>>>>>

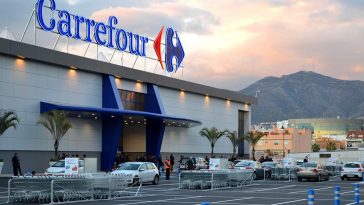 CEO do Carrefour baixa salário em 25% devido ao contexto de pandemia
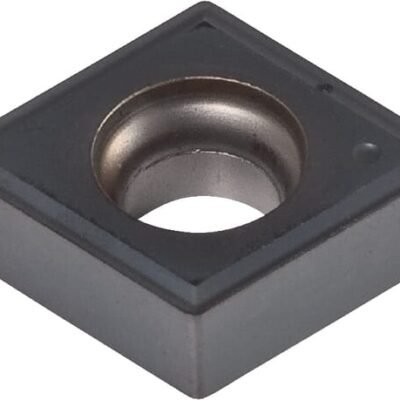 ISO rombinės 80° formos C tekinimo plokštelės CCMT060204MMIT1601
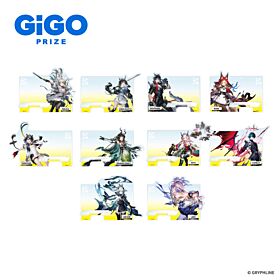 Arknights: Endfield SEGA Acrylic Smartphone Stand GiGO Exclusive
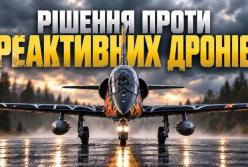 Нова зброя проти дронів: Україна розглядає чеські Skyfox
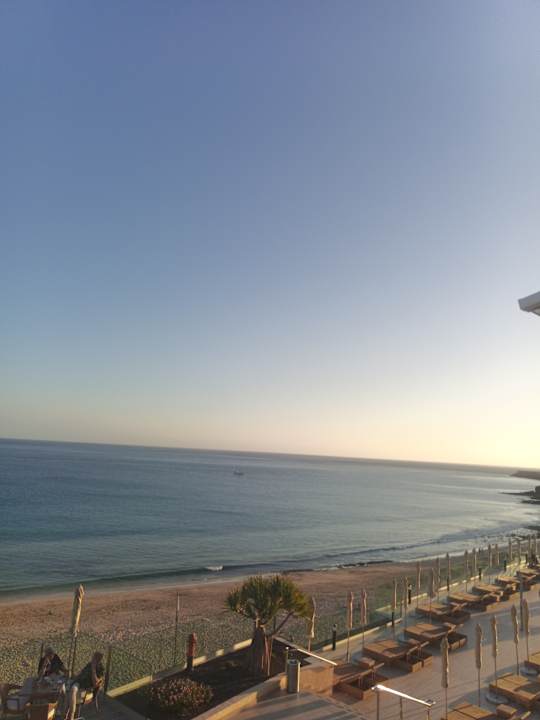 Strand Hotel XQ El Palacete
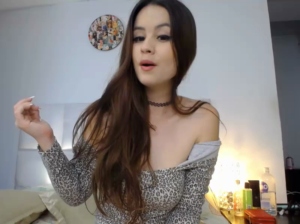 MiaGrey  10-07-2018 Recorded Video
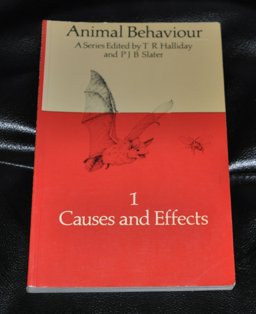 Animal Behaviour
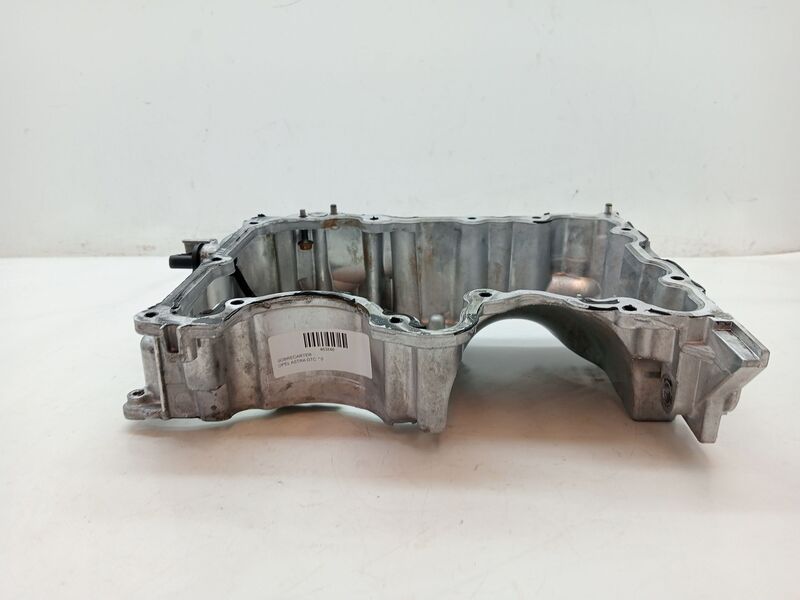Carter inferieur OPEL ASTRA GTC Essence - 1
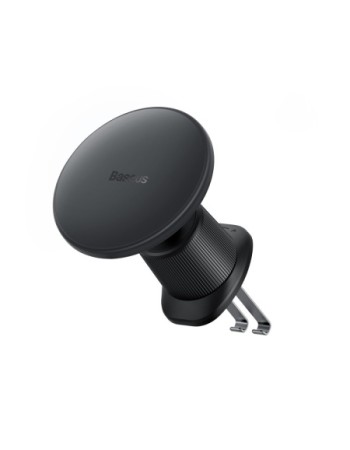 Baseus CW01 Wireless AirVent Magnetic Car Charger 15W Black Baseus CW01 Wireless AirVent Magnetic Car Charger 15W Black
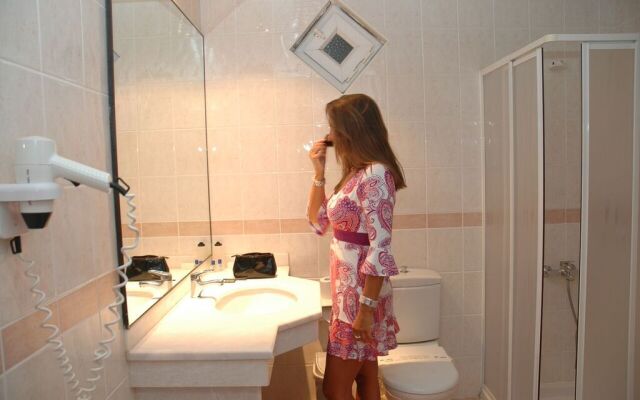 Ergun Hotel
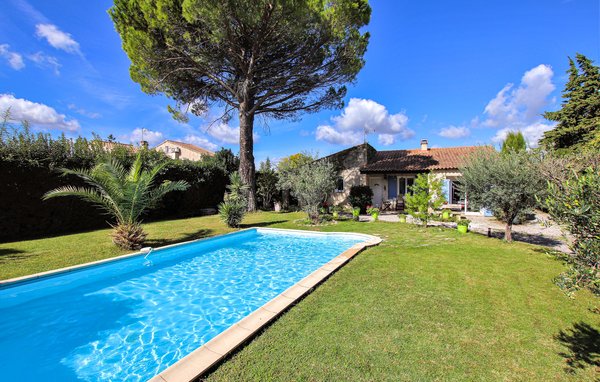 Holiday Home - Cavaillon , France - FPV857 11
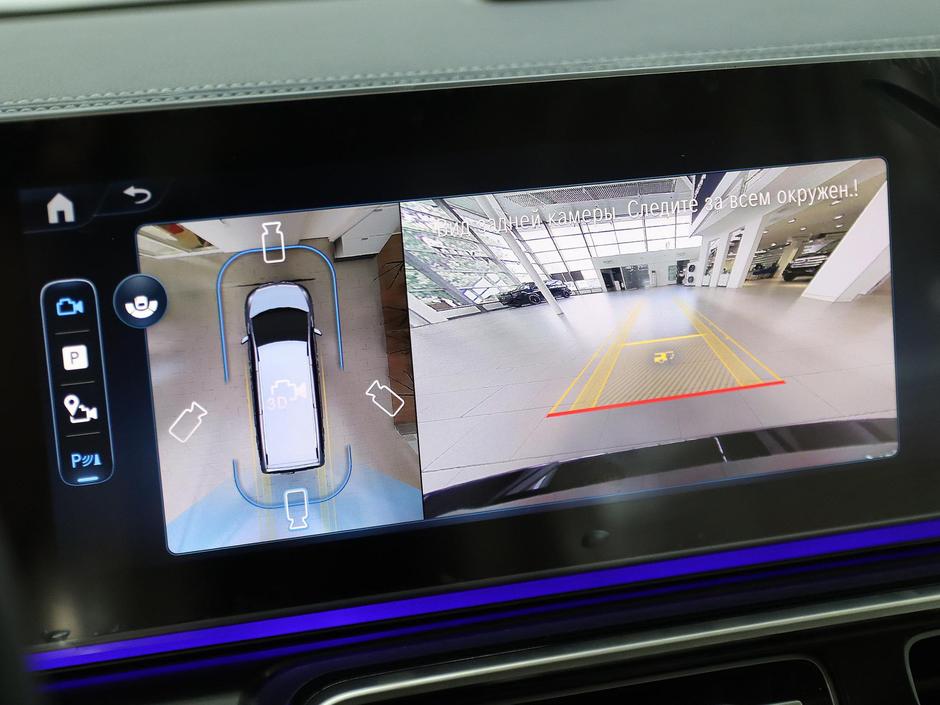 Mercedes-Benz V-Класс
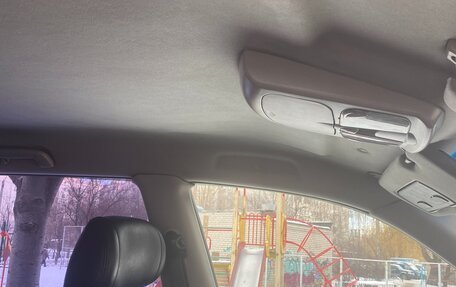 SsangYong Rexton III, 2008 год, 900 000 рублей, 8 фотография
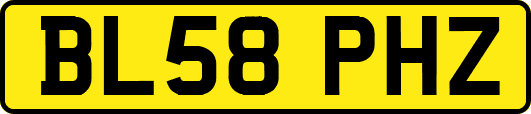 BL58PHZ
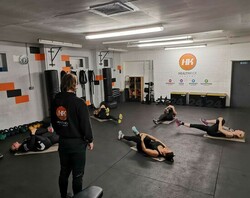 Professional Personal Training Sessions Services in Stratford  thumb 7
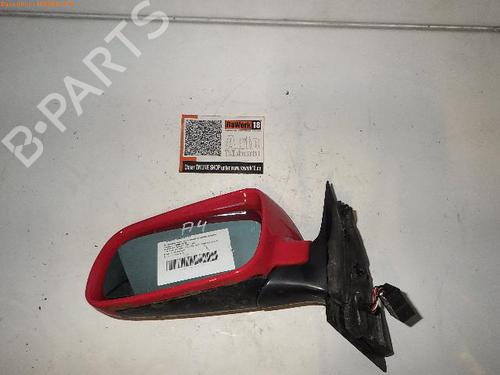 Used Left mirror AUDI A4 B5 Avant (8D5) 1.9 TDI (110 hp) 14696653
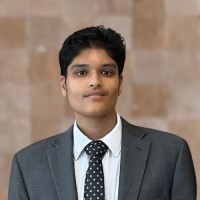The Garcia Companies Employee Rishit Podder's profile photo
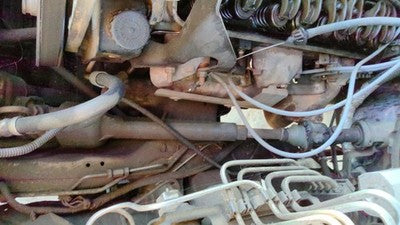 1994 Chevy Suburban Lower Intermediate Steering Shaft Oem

<<<<<

All records above are to be printed exactly, minus the pictures they contain.

→ EXPECTED ANSWER
 CEO do Carrefour baixa salário em 25% devido ao contexto de pandemia
 ISO rombinės 80° formos C tekinimo plokštelės CCMT060204MMIT1601
 Arknights: Endfield SEGA Acrylic Smartphone Stand GiGO Exclusive
 Нова зброя проти дронів: Україна розглядає чеські Skyfox
 Strand Hotel XQ El Palacete
 MiaGrey  10-07-2018 Recorded Video
 Animal Behaviour
Carter inferieur OPEL ASTRA GTC Essence - 1
 Baseus CW01 Wireless AirVent Magnetic Car Charger 15W Black Baseus CW01 Wireless AirVent Magnetic Car Charger 15W Black
 Ergun Hotel
 Holiday Home - Cavaillon , France - FPV857 11
 Mercedes-Benz V-Класс
 SsangYong Rexton III, 2008 год, 900 000 рублей, 8 фотография
 BL58PHZ
 Professional Personal Training Sessions Services in Stratford  thumb 7
 Used Left mirror AUDI A4 B5 Avant (8D5) 1.9 TDI (110 hp) 14696653
The Garcia Companies Employee Rishit Podder's profile photo
 1994 Chevy Suburban Lower Intermediate Steering Shaft Oem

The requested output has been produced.